The dataset covers almost 20 years of offline activity of the German-language Wikipedia, one of the largest and most active language versions (featuring, as of January 2023, over 2.7 million content sites, having been edited a total of over 225 million times).Footnote 1 From its launch in 2001 to March 2020 when face-to-face meetings came to a halt due to the outbreak of the Coronavirus pandemic, almost all meetups were collected and can now be easily merged with online activity data. These data allow to shed light on a part of Wikipedia which has previously been overlooked. Wikipedia has been a popular source of data for scholars of various disciplines: from computer science to linguistics and the social sciences, researchers have used data from Wikipedia to answer a multitude of scientific questions. For example, Wikipedia’s structured and large body of text in multiple languages has been used to develop, improve, and showcase new algorithms, particularly in the field of natural language processing and supervised machine learning in general [see e.g. 8, 9, 14, 17]. Other studies are more focussed on Wikipedia as an online phenomenon itself and do not consider it as only a data-generating platform. Such research includes studies about the (determinants of) quality and credibility of article content [see, e.g. 1, 10, 18, 20, 24, 25, 34, 37, 42, 46], or tries to better understand the community of Wikipedians as contributors towards an online public good with remarkable sustainability [see, e.g. 11, 26, 30,31,32, 44]. In a broader societal context, Wikipedia data have also been used to predict real-world events such as election outcomes [47], movie success [27], or stock market moves [28], and cultural differences have been investigated by making use of different language versions [4, 12]. The rich source of data and its publicness also allow us to investigate fundamental questions of the social sciences, such as the role of networks when explaining norm enforcement [33] or how group size affects contributions to a public good [48]. The dewiki meetup dataset is a valuable source of data for social science research: it captures the development of the offline network over time of one of the most sustainable, online public goods and the community producing it. It allows to extend previous research of Wikipedia with the important dimension of offline interactions.

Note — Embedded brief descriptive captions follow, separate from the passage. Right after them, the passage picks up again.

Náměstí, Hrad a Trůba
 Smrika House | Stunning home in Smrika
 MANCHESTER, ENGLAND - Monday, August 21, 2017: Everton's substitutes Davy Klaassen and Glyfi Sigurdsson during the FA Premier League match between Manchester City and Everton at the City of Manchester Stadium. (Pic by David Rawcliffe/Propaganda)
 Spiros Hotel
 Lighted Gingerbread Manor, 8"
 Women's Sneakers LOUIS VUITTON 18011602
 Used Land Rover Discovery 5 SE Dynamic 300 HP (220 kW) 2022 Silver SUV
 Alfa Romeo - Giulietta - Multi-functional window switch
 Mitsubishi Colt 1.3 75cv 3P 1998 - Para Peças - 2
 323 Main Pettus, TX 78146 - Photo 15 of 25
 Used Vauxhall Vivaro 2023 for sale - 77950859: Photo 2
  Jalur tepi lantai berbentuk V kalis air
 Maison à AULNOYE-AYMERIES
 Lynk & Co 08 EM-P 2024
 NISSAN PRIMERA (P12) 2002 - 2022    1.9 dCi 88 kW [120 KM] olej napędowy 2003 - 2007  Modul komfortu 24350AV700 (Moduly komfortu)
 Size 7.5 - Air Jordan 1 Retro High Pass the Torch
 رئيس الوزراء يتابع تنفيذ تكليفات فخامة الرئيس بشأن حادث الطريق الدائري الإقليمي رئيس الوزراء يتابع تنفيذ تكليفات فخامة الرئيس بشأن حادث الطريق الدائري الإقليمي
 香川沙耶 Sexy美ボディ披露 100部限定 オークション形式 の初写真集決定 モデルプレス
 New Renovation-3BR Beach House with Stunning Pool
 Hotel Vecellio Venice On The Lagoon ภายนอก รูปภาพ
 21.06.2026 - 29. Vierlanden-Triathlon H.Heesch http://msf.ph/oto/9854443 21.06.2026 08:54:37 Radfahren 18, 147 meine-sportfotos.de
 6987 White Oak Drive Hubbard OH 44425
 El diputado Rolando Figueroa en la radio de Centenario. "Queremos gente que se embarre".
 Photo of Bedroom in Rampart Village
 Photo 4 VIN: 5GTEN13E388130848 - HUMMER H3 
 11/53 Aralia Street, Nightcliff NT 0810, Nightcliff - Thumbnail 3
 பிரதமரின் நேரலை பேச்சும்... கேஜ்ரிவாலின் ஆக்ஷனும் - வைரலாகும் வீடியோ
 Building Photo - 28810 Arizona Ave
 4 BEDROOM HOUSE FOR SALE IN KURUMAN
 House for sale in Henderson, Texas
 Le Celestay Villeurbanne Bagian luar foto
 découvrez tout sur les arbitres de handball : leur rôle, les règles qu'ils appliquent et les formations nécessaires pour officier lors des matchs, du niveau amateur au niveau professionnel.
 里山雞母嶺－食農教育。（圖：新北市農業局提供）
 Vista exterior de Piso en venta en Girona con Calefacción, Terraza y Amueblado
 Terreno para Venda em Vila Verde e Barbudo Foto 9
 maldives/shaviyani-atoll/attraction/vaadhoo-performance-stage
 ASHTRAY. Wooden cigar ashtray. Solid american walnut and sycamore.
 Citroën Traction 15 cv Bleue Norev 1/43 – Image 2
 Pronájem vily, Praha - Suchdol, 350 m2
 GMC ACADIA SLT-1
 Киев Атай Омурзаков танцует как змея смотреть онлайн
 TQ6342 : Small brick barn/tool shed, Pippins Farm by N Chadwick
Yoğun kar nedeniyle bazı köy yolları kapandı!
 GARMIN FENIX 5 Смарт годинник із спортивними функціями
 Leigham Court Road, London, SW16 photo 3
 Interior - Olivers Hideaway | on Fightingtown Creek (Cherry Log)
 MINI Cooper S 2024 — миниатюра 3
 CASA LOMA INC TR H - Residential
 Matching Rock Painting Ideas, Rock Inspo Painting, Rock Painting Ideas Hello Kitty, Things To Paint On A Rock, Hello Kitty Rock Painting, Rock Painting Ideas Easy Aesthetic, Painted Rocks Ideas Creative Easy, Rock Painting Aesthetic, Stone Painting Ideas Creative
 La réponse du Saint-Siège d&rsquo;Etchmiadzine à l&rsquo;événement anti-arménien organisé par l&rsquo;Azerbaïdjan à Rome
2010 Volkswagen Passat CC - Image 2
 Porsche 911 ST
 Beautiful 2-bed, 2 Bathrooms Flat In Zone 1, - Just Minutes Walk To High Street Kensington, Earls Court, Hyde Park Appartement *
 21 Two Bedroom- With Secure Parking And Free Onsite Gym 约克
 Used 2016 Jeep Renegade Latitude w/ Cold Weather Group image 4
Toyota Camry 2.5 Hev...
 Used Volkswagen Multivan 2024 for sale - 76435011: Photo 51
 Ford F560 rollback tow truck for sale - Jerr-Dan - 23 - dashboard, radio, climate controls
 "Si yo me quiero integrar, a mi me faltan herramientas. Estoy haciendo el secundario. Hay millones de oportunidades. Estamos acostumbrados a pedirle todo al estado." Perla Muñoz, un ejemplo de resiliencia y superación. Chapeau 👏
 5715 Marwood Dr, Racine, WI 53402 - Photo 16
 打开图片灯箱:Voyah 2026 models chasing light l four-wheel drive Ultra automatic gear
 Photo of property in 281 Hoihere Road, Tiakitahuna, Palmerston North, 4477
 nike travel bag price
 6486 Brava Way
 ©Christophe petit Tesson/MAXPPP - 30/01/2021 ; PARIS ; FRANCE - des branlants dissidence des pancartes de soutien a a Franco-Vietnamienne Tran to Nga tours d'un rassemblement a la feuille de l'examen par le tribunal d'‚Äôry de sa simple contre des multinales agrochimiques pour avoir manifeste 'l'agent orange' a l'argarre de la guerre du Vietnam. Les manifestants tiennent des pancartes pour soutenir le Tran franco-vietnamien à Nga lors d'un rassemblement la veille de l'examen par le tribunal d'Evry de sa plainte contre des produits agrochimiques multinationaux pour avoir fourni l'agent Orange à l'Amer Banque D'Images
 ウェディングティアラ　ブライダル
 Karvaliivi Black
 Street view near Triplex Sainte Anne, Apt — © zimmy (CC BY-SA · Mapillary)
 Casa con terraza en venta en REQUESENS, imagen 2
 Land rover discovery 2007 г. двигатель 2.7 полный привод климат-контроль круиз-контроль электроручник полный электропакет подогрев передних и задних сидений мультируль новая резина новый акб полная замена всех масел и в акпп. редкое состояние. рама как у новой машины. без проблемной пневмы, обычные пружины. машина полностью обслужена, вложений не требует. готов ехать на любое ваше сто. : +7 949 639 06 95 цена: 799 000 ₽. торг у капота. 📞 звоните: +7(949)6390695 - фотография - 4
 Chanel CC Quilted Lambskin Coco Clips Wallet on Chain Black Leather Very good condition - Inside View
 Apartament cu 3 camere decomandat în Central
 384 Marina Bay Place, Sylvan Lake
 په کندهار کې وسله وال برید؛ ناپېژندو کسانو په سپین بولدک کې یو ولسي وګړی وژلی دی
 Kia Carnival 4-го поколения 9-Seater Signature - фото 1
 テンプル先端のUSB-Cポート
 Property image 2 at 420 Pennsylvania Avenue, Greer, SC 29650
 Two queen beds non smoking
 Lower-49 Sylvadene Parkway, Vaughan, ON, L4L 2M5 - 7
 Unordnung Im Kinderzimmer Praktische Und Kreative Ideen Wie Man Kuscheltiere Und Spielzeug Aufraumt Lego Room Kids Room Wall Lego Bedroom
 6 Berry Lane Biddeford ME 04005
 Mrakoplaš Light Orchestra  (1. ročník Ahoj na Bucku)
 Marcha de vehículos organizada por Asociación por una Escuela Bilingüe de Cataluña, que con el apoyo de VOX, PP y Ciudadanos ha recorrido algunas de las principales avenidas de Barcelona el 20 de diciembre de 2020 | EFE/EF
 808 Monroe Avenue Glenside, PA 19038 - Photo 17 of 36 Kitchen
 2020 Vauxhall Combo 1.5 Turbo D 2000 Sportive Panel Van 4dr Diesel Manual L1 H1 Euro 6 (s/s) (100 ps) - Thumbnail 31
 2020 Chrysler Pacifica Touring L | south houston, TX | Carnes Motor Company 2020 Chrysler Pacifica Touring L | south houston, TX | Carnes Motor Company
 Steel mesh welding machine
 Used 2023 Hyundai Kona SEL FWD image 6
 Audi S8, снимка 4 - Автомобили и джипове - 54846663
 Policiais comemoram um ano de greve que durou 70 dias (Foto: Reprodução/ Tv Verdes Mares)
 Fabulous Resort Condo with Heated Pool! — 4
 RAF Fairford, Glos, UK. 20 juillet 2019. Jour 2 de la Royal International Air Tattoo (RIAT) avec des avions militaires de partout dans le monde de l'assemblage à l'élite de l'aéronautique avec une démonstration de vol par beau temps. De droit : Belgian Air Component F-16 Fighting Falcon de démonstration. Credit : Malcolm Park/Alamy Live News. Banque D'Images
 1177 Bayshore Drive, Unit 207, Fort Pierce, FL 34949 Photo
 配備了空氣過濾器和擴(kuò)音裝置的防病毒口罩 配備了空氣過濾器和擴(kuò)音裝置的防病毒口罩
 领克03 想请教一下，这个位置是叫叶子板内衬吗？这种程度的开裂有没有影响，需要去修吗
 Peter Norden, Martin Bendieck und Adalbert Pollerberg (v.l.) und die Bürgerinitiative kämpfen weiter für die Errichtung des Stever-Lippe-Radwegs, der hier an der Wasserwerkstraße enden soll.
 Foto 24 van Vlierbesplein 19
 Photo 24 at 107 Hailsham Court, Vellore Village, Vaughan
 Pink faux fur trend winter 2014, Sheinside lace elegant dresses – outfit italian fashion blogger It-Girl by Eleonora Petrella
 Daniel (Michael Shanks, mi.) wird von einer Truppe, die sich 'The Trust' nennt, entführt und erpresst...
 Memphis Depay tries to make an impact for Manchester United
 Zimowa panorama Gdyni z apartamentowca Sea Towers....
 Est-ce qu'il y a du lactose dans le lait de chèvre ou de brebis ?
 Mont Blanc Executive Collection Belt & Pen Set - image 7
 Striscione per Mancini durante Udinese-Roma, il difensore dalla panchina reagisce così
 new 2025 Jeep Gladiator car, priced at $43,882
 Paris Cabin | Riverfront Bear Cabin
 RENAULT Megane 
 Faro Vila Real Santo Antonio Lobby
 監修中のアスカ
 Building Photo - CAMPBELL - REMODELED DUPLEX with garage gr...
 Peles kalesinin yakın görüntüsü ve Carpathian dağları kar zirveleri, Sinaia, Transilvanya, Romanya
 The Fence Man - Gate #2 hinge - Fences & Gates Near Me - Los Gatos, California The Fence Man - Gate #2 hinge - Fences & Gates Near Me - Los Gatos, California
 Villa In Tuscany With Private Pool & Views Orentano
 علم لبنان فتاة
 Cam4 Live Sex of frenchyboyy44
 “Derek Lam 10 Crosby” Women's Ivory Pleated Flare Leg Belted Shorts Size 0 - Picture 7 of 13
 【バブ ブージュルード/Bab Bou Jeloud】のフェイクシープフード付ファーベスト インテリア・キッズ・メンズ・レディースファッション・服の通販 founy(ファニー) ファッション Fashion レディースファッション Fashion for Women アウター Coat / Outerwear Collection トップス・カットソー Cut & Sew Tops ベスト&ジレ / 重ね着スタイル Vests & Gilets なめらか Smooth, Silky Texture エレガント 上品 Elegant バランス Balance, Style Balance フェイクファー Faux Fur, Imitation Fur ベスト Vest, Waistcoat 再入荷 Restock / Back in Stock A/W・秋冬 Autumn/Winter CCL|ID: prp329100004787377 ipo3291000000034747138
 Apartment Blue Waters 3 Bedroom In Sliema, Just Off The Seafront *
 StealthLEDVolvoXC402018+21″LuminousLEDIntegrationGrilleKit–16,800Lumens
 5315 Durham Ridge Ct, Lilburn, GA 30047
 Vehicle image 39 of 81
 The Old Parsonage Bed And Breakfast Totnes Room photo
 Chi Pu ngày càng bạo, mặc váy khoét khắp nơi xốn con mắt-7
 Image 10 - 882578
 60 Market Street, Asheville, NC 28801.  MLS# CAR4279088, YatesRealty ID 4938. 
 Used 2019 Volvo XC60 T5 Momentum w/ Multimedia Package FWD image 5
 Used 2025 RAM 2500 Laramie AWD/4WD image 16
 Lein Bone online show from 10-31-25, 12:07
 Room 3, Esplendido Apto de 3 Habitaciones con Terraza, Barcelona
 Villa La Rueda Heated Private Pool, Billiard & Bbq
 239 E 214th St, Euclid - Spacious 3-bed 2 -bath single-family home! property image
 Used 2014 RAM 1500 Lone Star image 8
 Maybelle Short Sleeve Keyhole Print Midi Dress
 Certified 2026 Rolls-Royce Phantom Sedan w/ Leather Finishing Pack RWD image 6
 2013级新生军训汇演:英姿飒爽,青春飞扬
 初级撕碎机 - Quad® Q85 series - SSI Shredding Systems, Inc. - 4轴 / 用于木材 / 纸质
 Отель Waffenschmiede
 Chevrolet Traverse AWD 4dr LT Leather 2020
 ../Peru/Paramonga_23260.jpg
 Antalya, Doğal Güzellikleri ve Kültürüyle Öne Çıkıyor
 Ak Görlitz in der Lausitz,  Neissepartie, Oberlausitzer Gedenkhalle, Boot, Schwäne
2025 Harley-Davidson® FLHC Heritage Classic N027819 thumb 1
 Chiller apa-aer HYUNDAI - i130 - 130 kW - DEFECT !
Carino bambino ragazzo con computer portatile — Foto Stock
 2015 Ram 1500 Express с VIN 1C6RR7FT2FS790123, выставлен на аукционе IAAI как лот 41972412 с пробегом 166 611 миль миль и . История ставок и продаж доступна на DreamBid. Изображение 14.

This article is structured as follows: in the next section, Wikipedia and the community of Wikipedians will be described in more detail. After this, it will be described how offline meetings have been collected and how the dewiki meetup dataset can be combined with online data to unzip its full potential. The collected data will then be described and novel research opportunities for computational social scientists will be highlighted thereafter. In the last section, conclusions will be drawn and access and limitations regarding the data discussed.

Wikipedia: more than just an encyclopaedia

There are specific challenges to using digital trace data for research. It is important to know the underlying data-generating process and context, meaning the dynamics of the site where the data were produced; understanding this context further helps to contextualise and understand potential ethical, legal, and methodological issues which come with the data. This section will introduce Wikipedia as a community creating an encyclopaedia.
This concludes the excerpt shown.